Capítulo Quarenta e Sete: Estrela Azul Profundo
Este é um planeta que, de qualquer ângulo que se olhe, revela-se azul. Seu nome também é bonito: Planeta Azul Celeste. Ele está localizado no canto sudoeste de Tang Song, dentro da área de domínio da família Su. A família Su controla oficialmente mais de setecentos planetas, sendo a maioria deles de recursos, e apenas doze planetas administrativos, onde a maior parte da população está concentrada.

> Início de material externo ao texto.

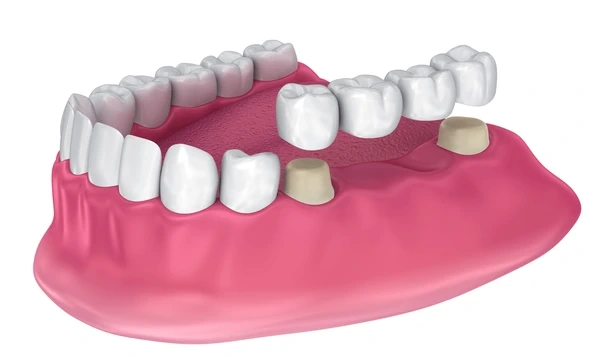 dental bridges near you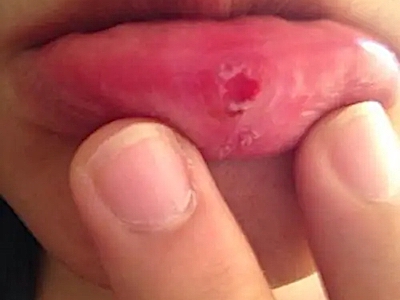 一期口腔梅毒下嘴唇里面烂了一块图.jpeg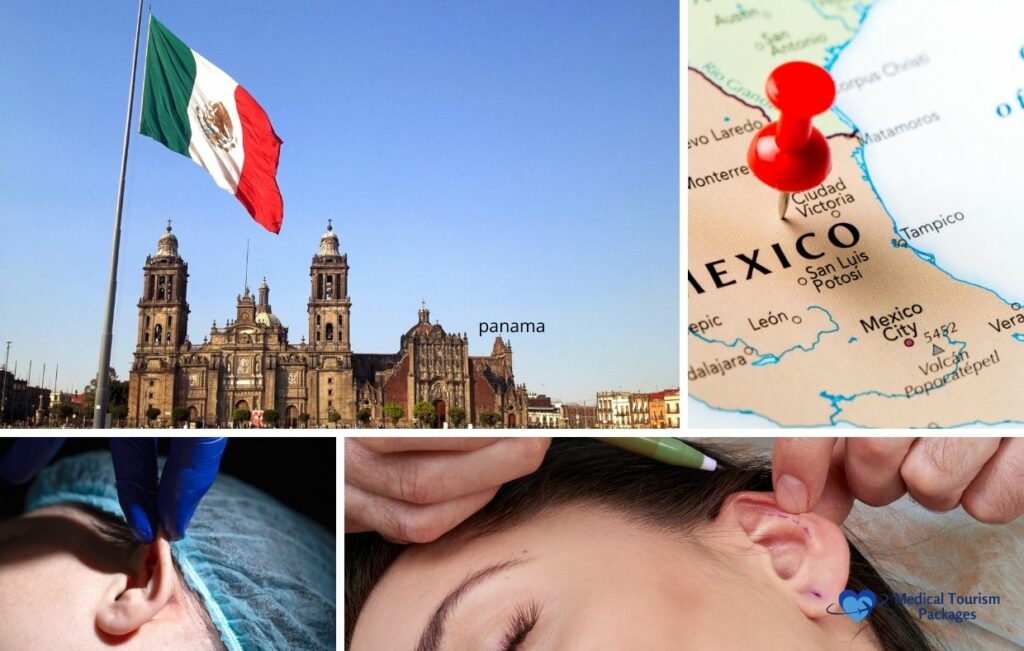 Collage showing the Mexican flag at a city square, a map of Mexico with a red pin, and close-ups of ear surgery procedures, highlighting why medical tourists choose Otoplasty in Mexico.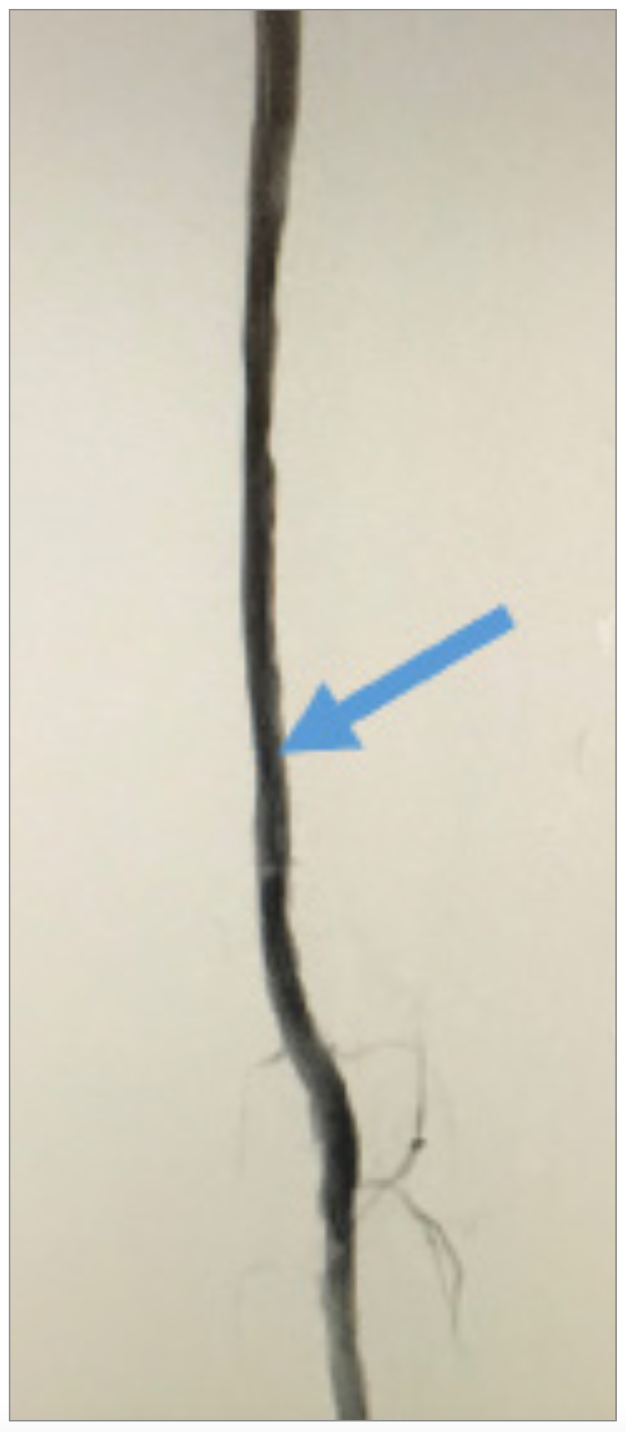 Nagel CTO Crossing Figure 8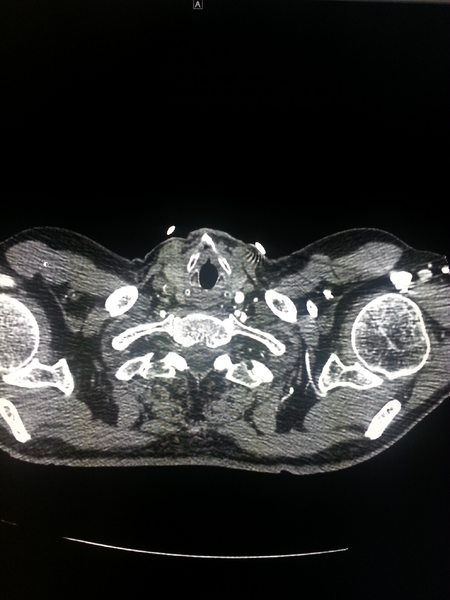 File:Aortic dissection (Radiopaedia 24884).png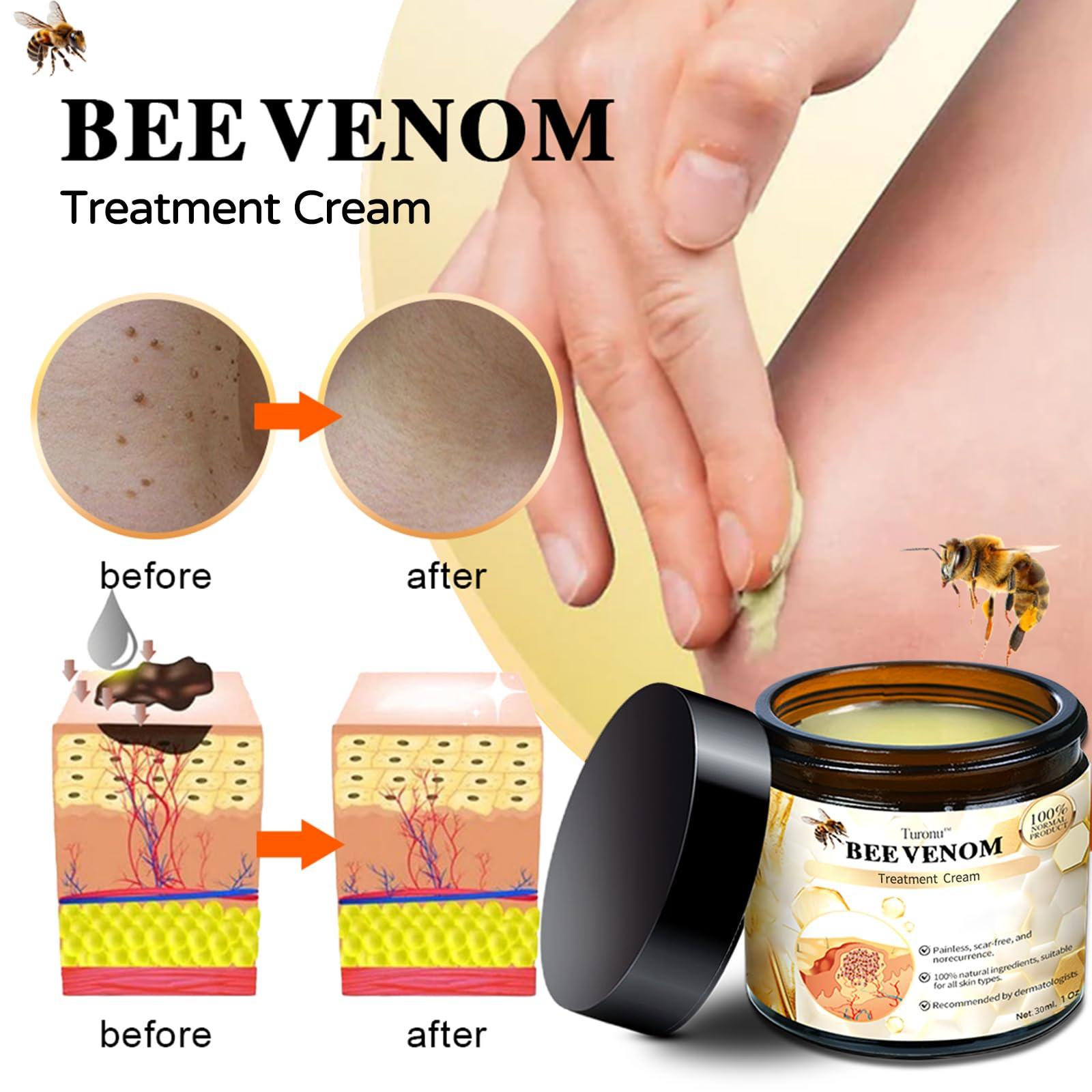 bostore Bee Venom Treatment Cream - Bee Venom Repair Cream, Professional Bee Venom Correcting Gel for All Skin Types (4Bottle)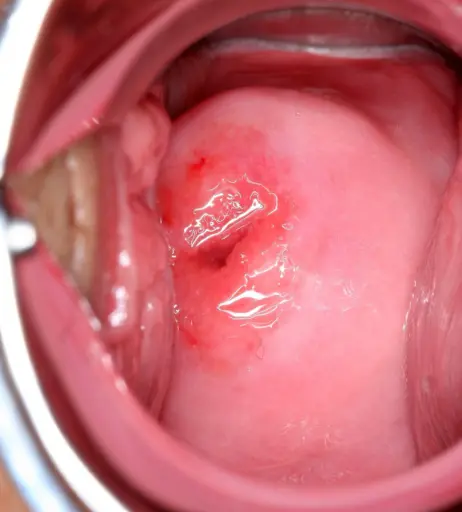 Image 10801615 from AIKA | あいか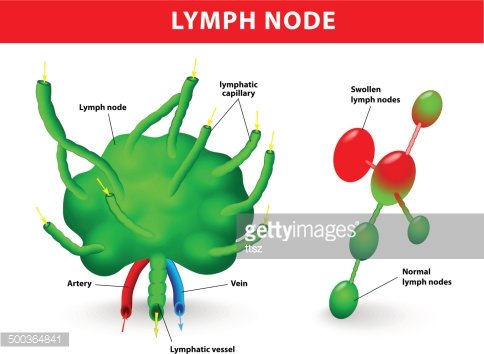 Diagram showing normal and swollen lymph nodes with labeled anatomy including arteries, veins, lymphatic capillaries, and vessels.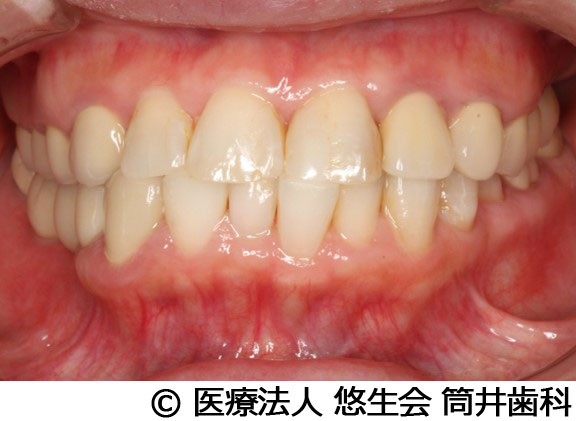 治療後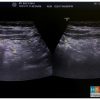 Nhồi máu mạc nối - Ảnh 3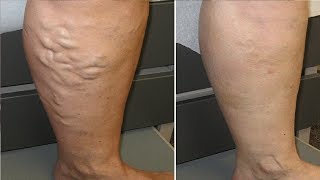 how to get rid of varicose veins naturally in 3 minutes
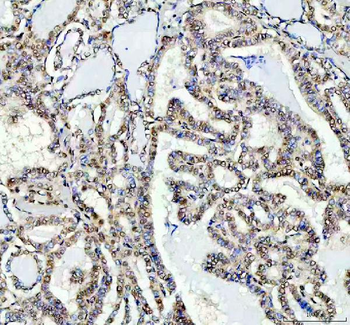 FTO Rabbit Polyclonal Antibody
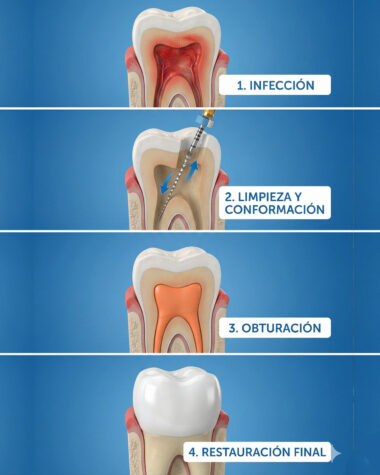 eNDODONCIA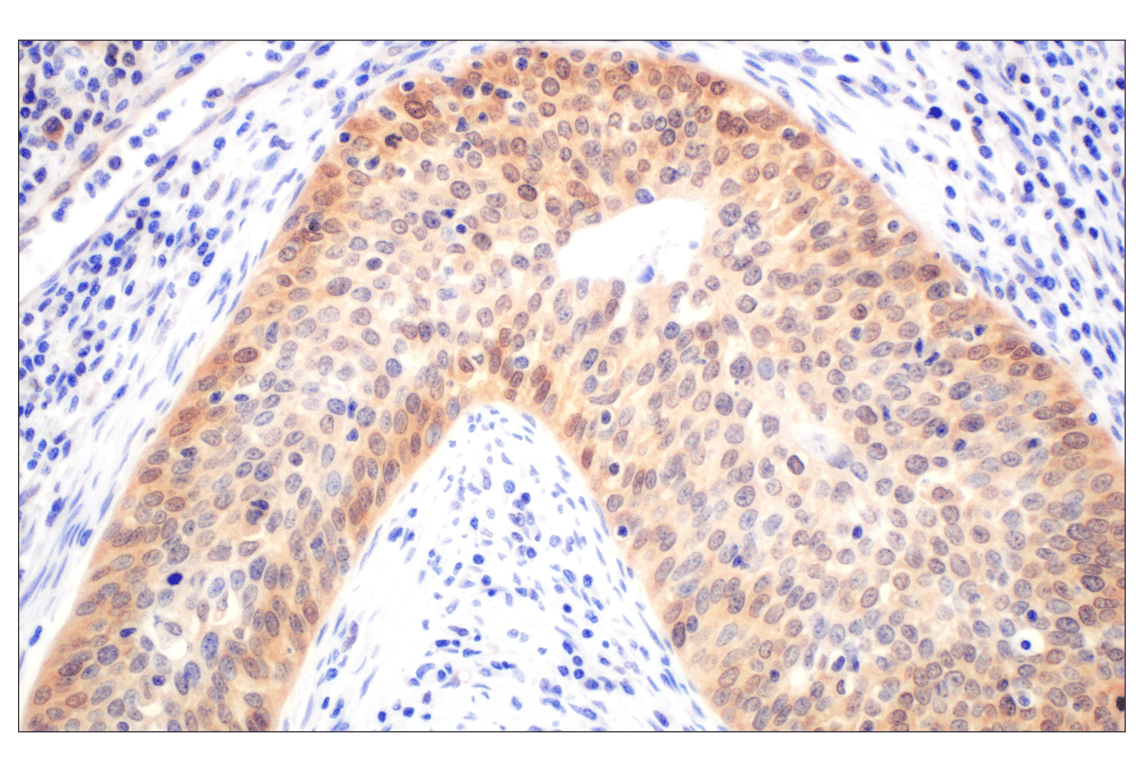 Immunohistochemistry Image 2: Galectin-8/LGALS8 (F9O3T) Rabbit Monoclonal Antibody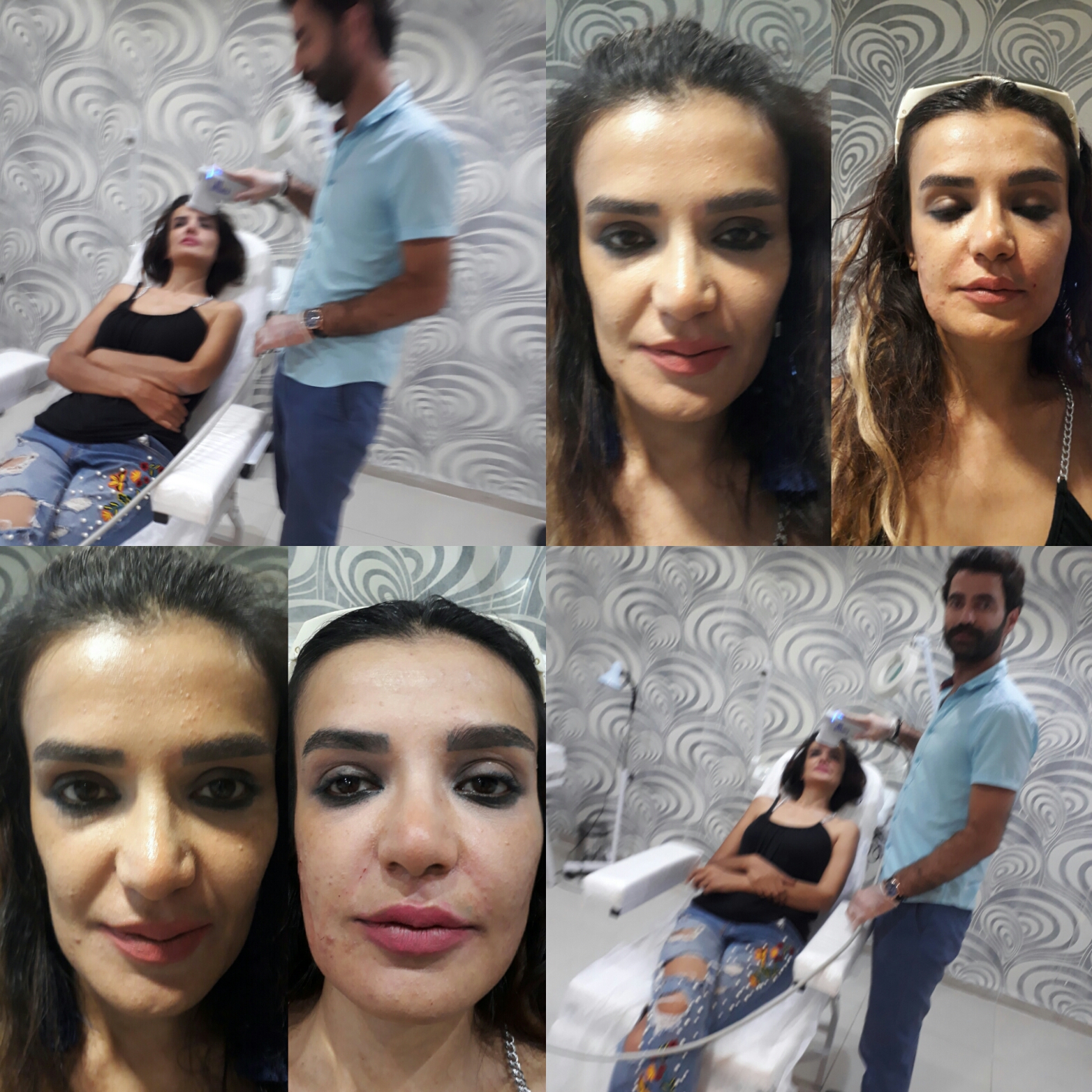Ulthera Ultherapy Maltepe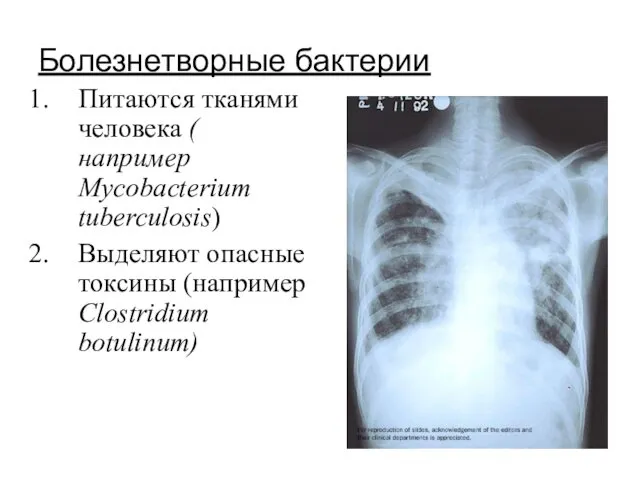 Болезнетворные бактерии Питаются тканями человека ( например Mycobacterium tuberculosis) Выделяют опасные токсины (например Clostridium botulinum)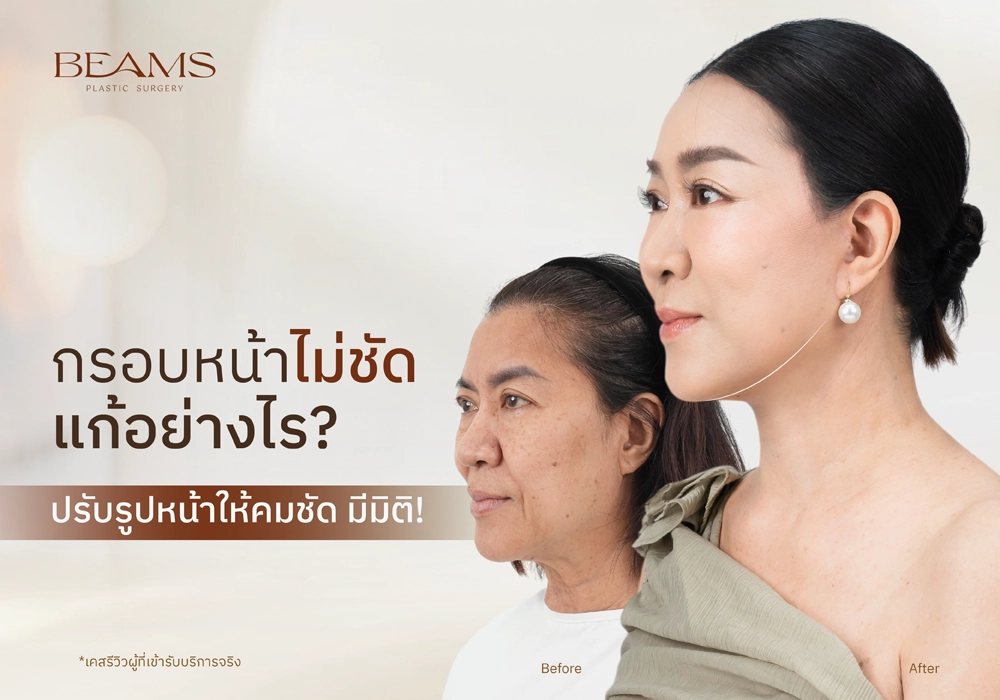 กรอบหน้าไม่ชัด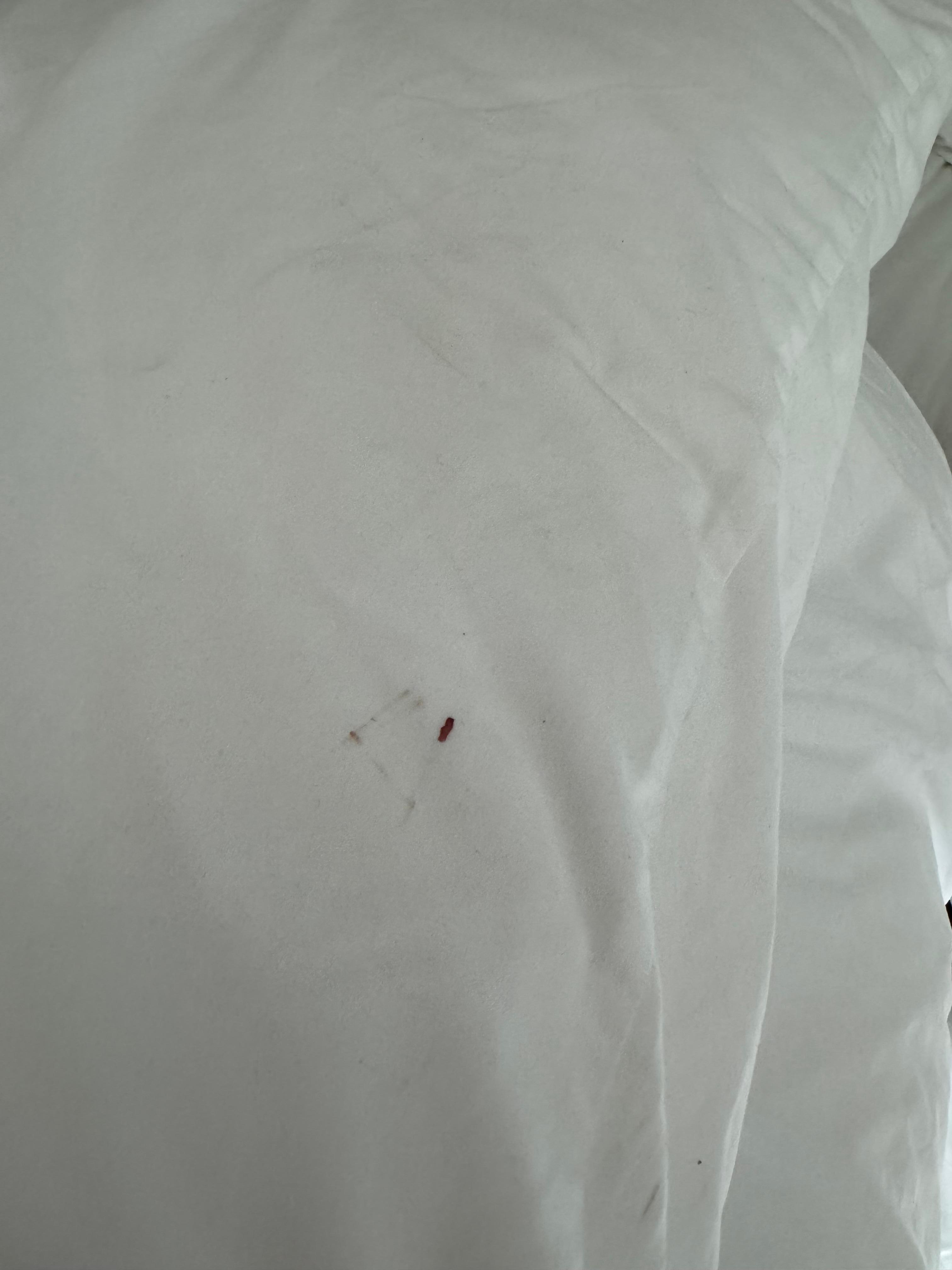 Blood on my pillowcase at check in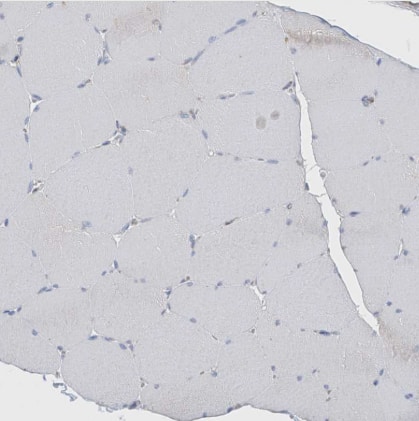 Immunohistochemistry-Paraffin: ITM2B Antibody [NBP1-88354] - Staining of human skeletal muscle shows no positivity in striated muscle fibers as expected.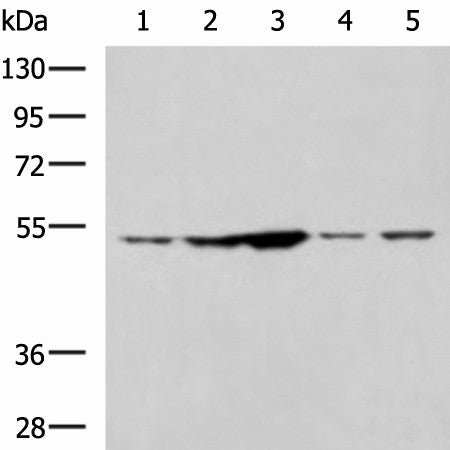 Western blot analysis of 293T and Jurkat cell lysates using SNTA1 Polyclonal Antibody at dilution of 1:1350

O Planeta Azul Celeste é o planeta de Tang Song mais próximo do Domínio Vento Sombrio. Uma frota da família Su está estacionada ali para defendê-lo, e entre Tang Song e o Domínio Vento Sombrio foram instaladas mais de trinta estações espaciais como pontos de controle. Claro, diante da vastidão do mar estelar, a tecnologia humana está longe de permitir a vigilância total de um domínio à distância; sequer um sistema estelar pode ser completamente monitorado. Por isso, o território humano está repleto de piratas estelares, que se aproveitam do ambiente espacial perigoso para se esconderem facilmente.
No topo do sinalizador da Estação Espacial T-21, um operador de comunicações estava sentado. Os operadores nas fronteiras são considerados os mais azarados: se nada acontece, passam os dias sem tarefas e não têm oportunidades de ascensão. Porém, quando algo acontece, são eles que enfrentam o azar, pois, em geral, qualquer problema na fronteira está relacionado a povos estrangeiros. Os piratas estelares não ousam aparecer ali, o que o tranquilizava, pois no ano seguinte poderia se aposentar. Pensando nisso, relaxou, pegou o copo ao lado e tomou um gole de água, soltando um longo suspiro antes de se recostar na cadeira para dormir um pouco.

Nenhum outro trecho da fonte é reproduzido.